Word for word, restate the listing; omit the pictures.

········

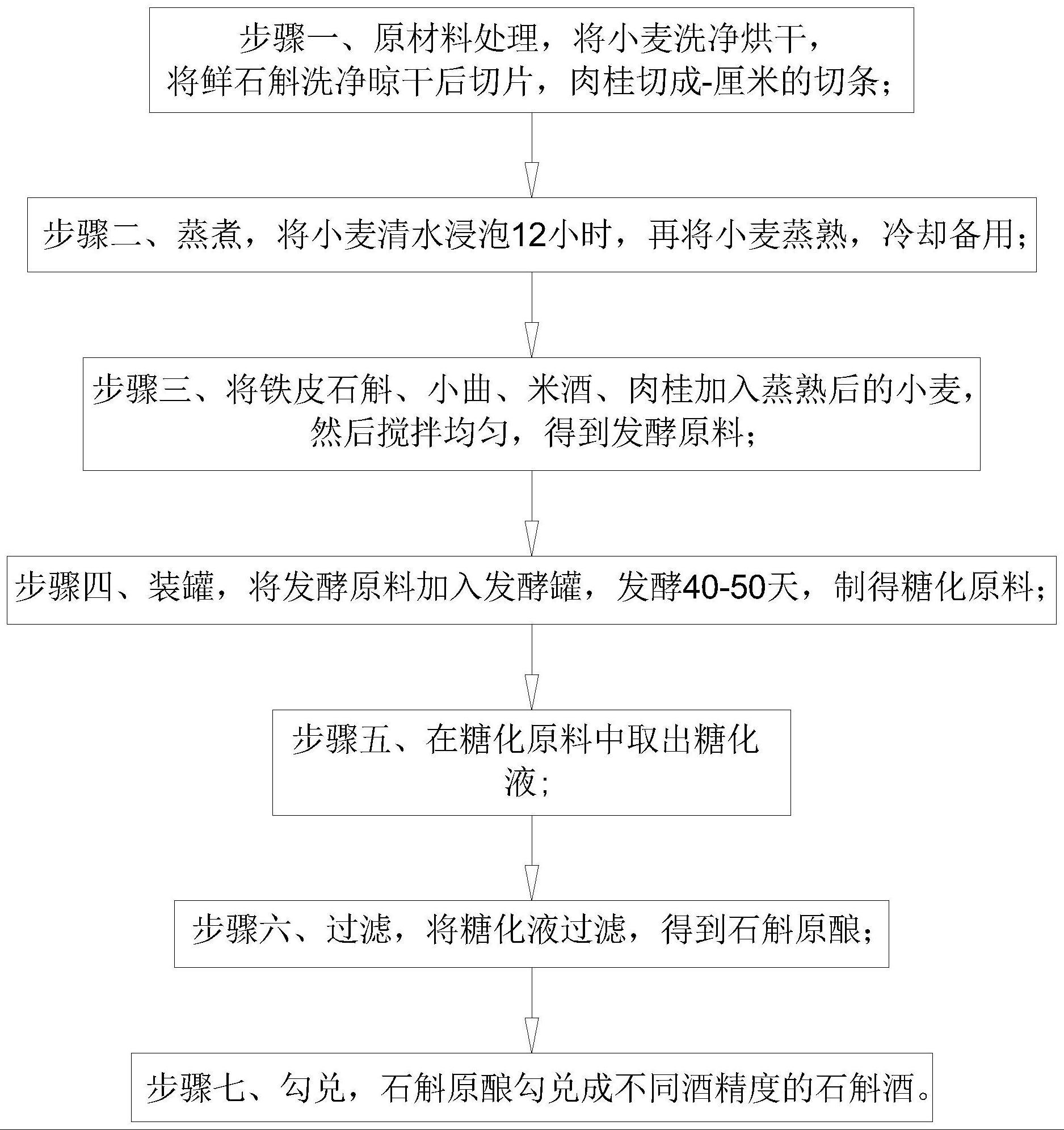 一种石斛酒制作方法与流程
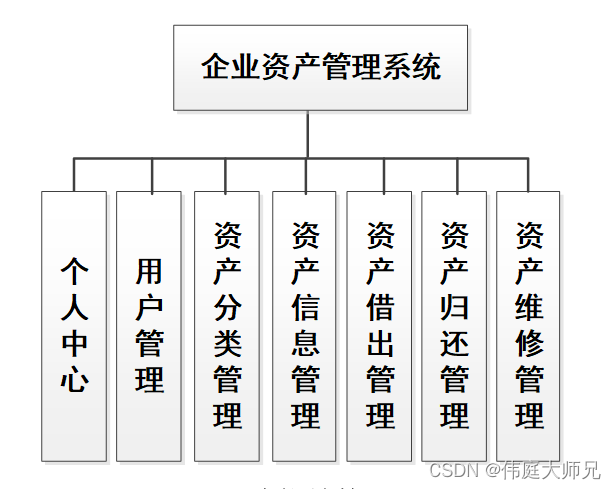 企业资产|企业资产管理系统|基于springboot企业资产管理系统设计与实现(源码+数据库+文档),第1张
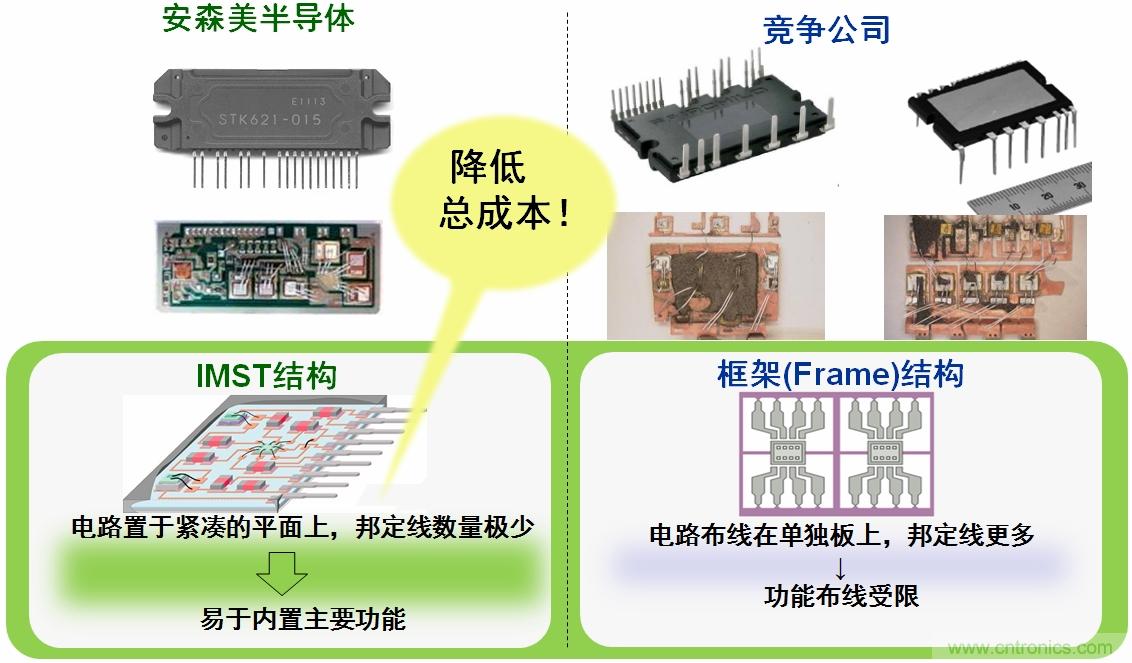 圖4：安森美半導體IPM的IMST結構能降低總成本。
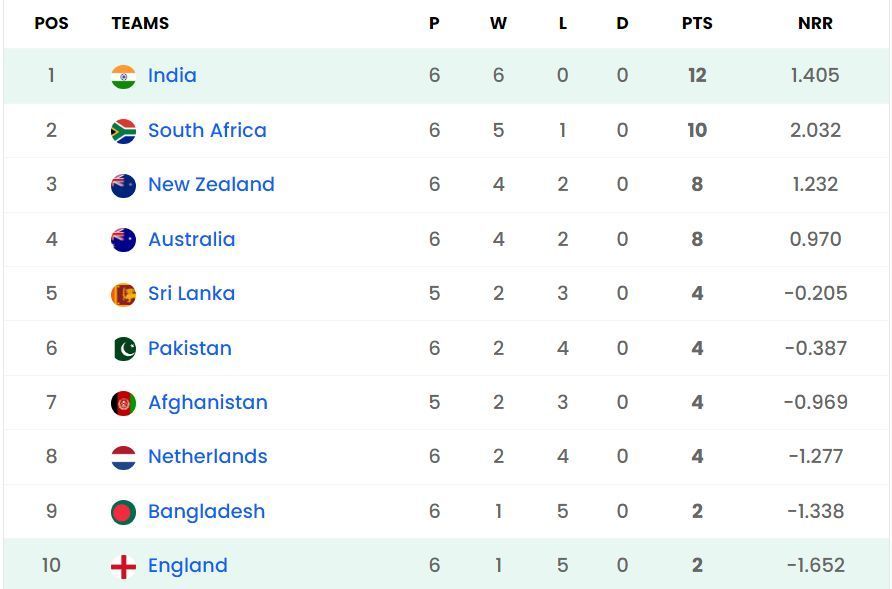 India have regained the number 1 position in the table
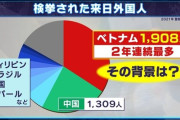 【自民党】ベトナム人技能実習生が佐賀県で１万１千円の為に強盗殺人したわけだけど外国人との共生社会を望んでるやつって存在するの？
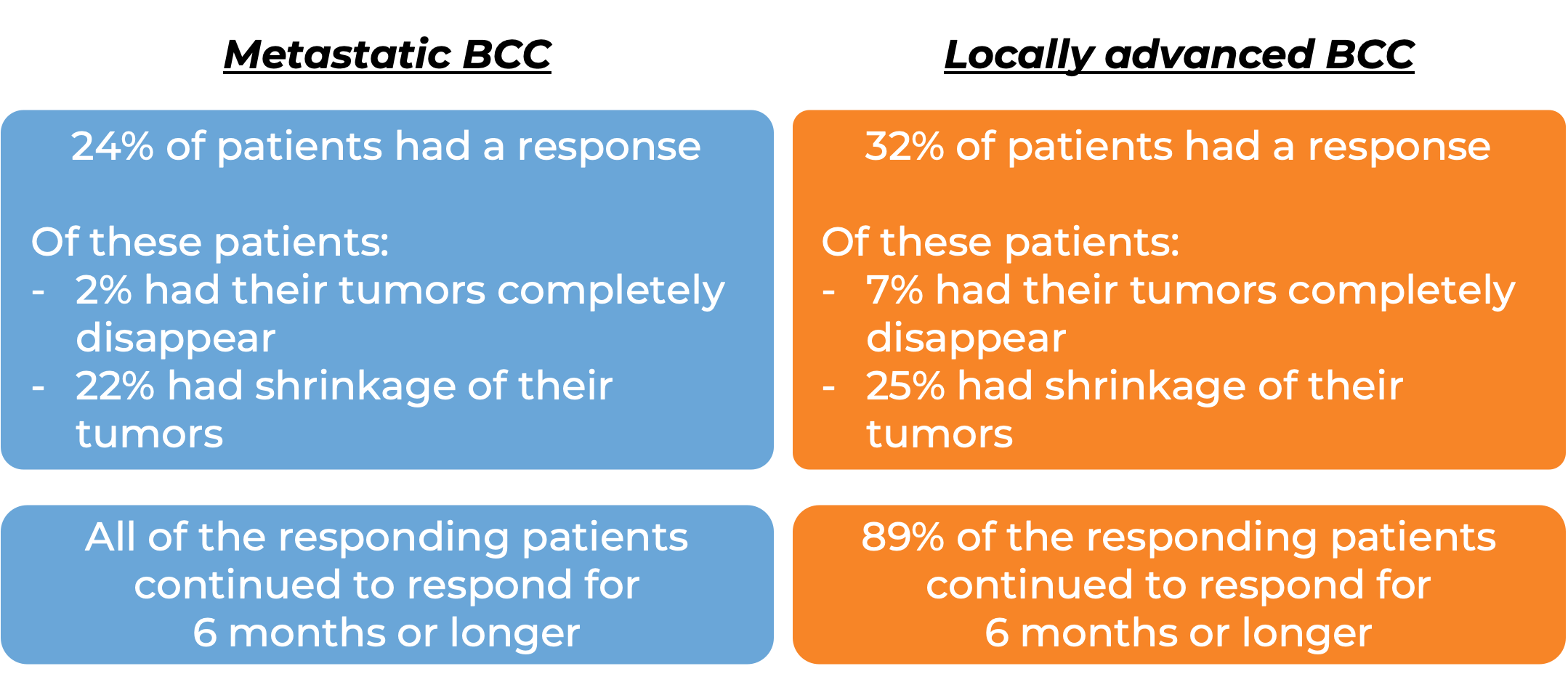 Results showing the difference between metastatic BCC vs locally advanced BCC (diagram)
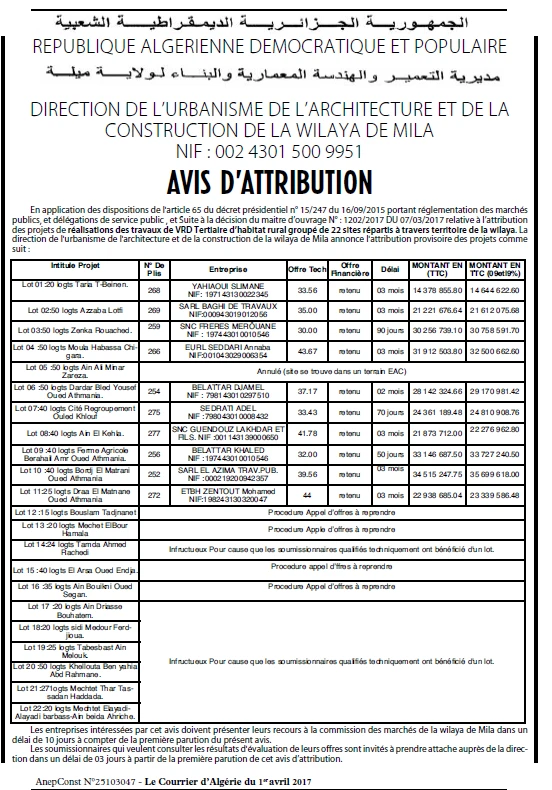 Le Courrier d'Algerie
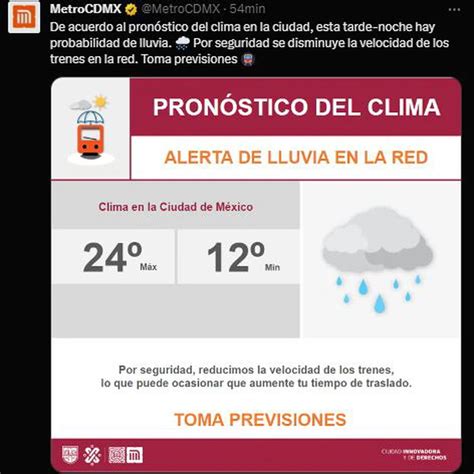 Metro Y Metrobús Cdmx Hoy 30 De Noviembre Aglomeraciones En La Línea 9 Y 3 Del Stc Infobae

········

* **Problem solution**
 一种石斛酒制作方法与流程
 企业资产|企业资产管理系统|基于springboot企业资产管理系统设计与实现(源码+数据库+文档),第1张
 圖4：安森美半導體IPM的IMST結構能降低總成本。
 India have regained the number 1 position in the table
 【自民党】ベトナム人技能実習生が佐賀県で１万１千円の為に強盗殺人したわけだけど外国人との共生社会を望んでるやつって存在するの？
 Results showing the difference between metastatic BCC vs locally advanced BCC (diagram)
 Le Courrier d'Algerie
 Metro Y Metrobús Cdmx Hoy 30 De Noviembre Aglomeraciones En La Línea 9 Y 3 Del Stc Infobae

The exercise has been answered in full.